È come essere in mezzo a un’isola deserta dove un telefono sta agli antipodi del mondo e il resto degli umani è sulla luna – e tu prova a chiamare, grida, che di sicuro c’è qualcuno che ti ascolta: quelle ombre.

Intuisco nel frattempo che i miei dovrebbero uscire con lo zio e col suo amico che mi piace tanto – o forse li sento in qualche modo parlare fra di loro.

Allora provo con il cellulare.

Ma il cellulare prima sta sul comodino irraggiungibile perché sono bloccata, poi è nelle mie mani e non funziona, non si accende: ne vengono fuori al buio solo volute di nebbia bluastra.
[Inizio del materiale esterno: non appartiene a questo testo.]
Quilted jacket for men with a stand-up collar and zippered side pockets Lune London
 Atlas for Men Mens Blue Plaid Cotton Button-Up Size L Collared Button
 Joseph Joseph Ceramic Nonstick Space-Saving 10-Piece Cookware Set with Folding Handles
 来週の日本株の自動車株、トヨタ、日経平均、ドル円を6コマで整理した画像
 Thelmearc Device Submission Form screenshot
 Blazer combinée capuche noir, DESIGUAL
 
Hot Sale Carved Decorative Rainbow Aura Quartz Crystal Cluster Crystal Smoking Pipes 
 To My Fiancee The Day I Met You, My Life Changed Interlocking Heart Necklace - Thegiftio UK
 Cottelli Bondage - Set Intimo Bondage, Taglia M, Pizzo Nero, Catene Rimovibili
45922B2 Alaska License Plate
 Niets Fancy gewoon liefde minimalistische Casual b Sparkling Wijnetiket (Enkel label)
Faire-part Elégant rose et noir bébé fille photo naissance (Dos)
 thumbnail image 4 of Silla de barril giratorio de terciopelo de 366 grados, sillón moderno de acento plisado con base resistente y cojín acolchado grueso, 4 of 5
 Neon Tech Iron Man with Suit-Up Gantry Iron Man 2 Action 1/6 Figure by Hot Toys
Sono stati loro: e adesso è scarico.

Lo apro e lo richiudo per smuovere la batteria e vedere di riaccenderlo, ma emette solo un vagito da neonato e loro gli fanno il verso.

Non posso fare altro che continuare avemaria avemaria avemaria.

Loro continuano a guardarsi e ridere di me e sfidarmi.

Finché, agitando una mano nella loro direzione, sarcastica o arrabbiata, non gli dico qualcosa – o non lo taccio: non posso, ancora, articolare le parole. Ancora, ho questo velo sulla bocca come una benda per farmi stare muta.

Eppure, avendo io così reagito in qualche modo, all’improvviso sono andati via.

Spariti. Dissolti.

Senza soluzione di continuità, ritorno a respirare e riapro gli occhi.

 

Sto pregando ancora, le mie labbra si muovono. La mia stanza è la mia stanza ma non è più quella del sogno - che pure era la mia stanza, in una distorta aria asfittica. L’aria, adesso, è libera.

Pare.

Cioè, volevate solo che reagissi?

Che riconoscessi la vostra esistenza?

Che vi vivessi, in qualche modo?

Chiedere civilmente, no?

Io, ascolto.

Ma no. Il tormento voi volete.

È lo spirito dell’anima vagante.

E riscoprire che non c’è una cosa in cui credere per difendermi da queste cose.

Nessun pensiero sicuro – neppure i miei, neppure! - per difendermi da queste cose.

Perfino lui rideva, rideva, di notte, per questo: e aggiungeva paura alla paura.

 

Vorrei una sigaretta, e le ho finite.